Por Caroline Oliveira/Brasil de Fato
Baseado na Constituição, pedido contradiz intenção do governo federal de legalizar garimpo e mineração nos territórios
O Ministério Público Federal (MPF) solicitou o cancelamento imediato de processos que pedem a abertura de atividade minerária em 48 terras indígenas no Pará. À Agência Nacional de Mineração (ANM) foi solicitado que negue todos os processos em curso nessas áreas, assim como os que surgirem antes do estabelecimento de exigências legais para a autorização da atividade. Entre as condições, deve haver consentimento das comunidades.
Até o fim do ano, o governo deve encaminhar ao Congresso Nacional uma proposta para regulamentação de mineração em terras indígenas. Até o momento, a legislação sobre o assunto é inexistente. Nesse cenário, a ANM abre os procedimentos minerários com base no Código de Mineração, que trata de áreas consideradas livres – ou seja, aquelas, por exemplo, que não estão destinadas à pesquisa –, mas não de terras indígenas.
Entre a ANM e os procuradores há divergências. Para a agência,a ausência de uma legislação regulamentadora não impede que os processos relacionados à abertura de atividade minerária sejam iniciados e colocados em espera. Por outro lado, o MPF acredita que isso contraria a Constituição Federal e a Convenção nº 169 da Organização Internacional do Trabalho (OIT) – a qual o Brasil é signatário –, que garante o direito das comunidades à consulta prévia, livre e informada.

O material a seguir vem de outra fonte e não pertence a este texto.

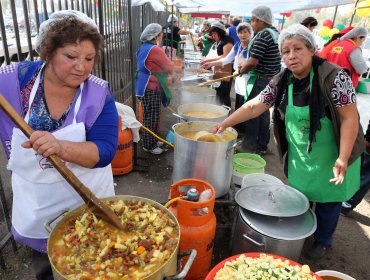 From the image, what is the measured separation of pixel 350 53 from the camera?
5.37m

A Corte Interamericana de Direitos Humanos garante que a consulta deve ocorrer desde as primeiras etapas de planejamento da proposta, proporcionado aos grupos indígenas, no caso, a participação de todo o processo de abertura de atividade minerária.
“Mesmo que os procedimentos gerais do Código de Mineração fossem mantidos para a análise de pedidos relativos a terras indígenas, as normas hoje vigentes teriam que ser adaptadas ao estabelecido pela Constituição, tratando do direito à consulta livre, prévia e informada, à participação nos resultados da lavra e à reparação do dano ambiental”, complementa nota dos procuradores da República.
Garimpo ilegal
Os procuradores também citaram, na ação, o impacto político e ambiental de não respeitar todas as exigências. “Para além de estimular o lobby, o sobrestamento gera insegurança jurídica aos indígenas e transforma as terras indígenas em reservas minerárias”, abrindo espaço para garimpos ilegais.
No baixo Amazonas, por exemplo, foi encontrado um garimpo ilegal na zona de proteção integral da Terra Indígena Zo’é, noroeste do Pará. Uma investigação do MPF mostrou que a área explorada ilegalmente envolve quatro processos de abertura de atividade minerária. No ANM, os pedidos foram requeridos pelos autointitulados donos do garimpo.
“É certo que os processos minerários não produzem, por si sós, os danos socioambientais, mas integram um feixe de ‘documentos’ que conferem aparência de legalidade à atividade. Esses documentos são utilizados in loco para garantir a detenção sobre a área do garimpo, recrutar trabalhadores, contratar serviços e até mesmo ludibriar os indígenas”, relata nota do MPF.
De acordo como um levantamento feito pelo Instituto Socioambiental (ISA), solicitado pelo MPF, existem 2.266 processos minerários incidentes em terras indígenas apenas no Pará. Em outros seis estados da Amazônia Legal existem 3.347 processos, registrados em áreas de 131 terras indígenas.
A pesquisa também revelou que todos os processos no Pará foram abertos por apenas 495 titulares. “A concentração representa monopólio, reforça a existência do lobby exercido por grupos econômicos capitalizados com grande poder de pressão política e estimula a especulação e comercialização de títulos minerários”.
As ações que incidem nas 48 terras indígenas no Pará, citados pelo MPF, estão circunscritas aos municípios de Altamira, Belém, Castanhal, Itaituba, Paragominas, Redenção e Santarém.